These trucks would be used to augment its grocery service, Amazon Fresh, which already provides same-day deliveries of local groceries to larger markets. Presently, Amazon Fresh is only available in Seattle, San Francisco and Los Angeles but Amazon has stated that they hope to add 40 markets by the end of 2014.
Divide and conquer
Tompkins recently told trade publication DC Velocity that Amazon.com, Inc. (NASDAQ:AMZN) has broken the United States into three segments: the top 40 markets which constitute half the population of the states, the next 60 markets by population, and the rest. It’s believed that Amazon.com, Inc. (NASDAQ:AMZN) is looking to service the first group itself and completely cut out FedEx, UPS, and the USPS though those carriers would continue to service the other segments. Amazon will use its 55 “fulfillment centers” in conjunction with the delivery fleet to service its Amazon Prime subscribers who are guaranteed two day delivery. Amazon has seen its shipping costs skyrocket as more and more people sign up for Prime.
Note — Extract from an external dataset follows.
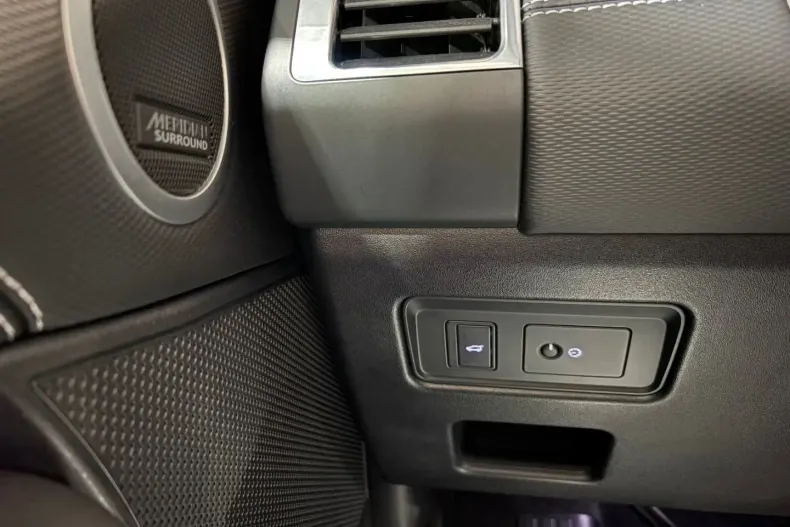 Land Rover Discovery din 2022 cu 75.000 km - oferta LAN163271 - foto 30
Earlier this week, Amazon.com, Inc. (NASDAQ:AMZN) raised the cost of its Prime Subscription from $79 to $99 for an annual membership. This move is presumably two-fold, the first being the increased of $1.1 billion in shipping costs between 2011 and 2012. This increase in Prime subscriptions could also be used to fund this fleet that Tompkins says Amazon is “very aggressively,” though he doesn’t have specific details with regards to a timeline.
Unlike the one day delivery that Amazon Fresh offers, the new fleet will extend beyond groceries. Tompkins has remained coy regarding the specifics of his relationship with Amazon.com, Inc. (NASDAQ:AMZN) so it’s anyone’s guess as to whether or not his statements are accurate. Numerous news outlets have reached out to Amazon regarding the report but the company, to date, has declined to comment on Tompkins remarks to DC Velocity.
Based on projected annualized growth rates of 15 percent, e-commerce could be a $1 trillion worldwide business by 2016, according to Morgan Stanley and it appears that Amazon will take a large chunk of this business and service it with its own fleet of trucks having decided not to make a bid for FedEx.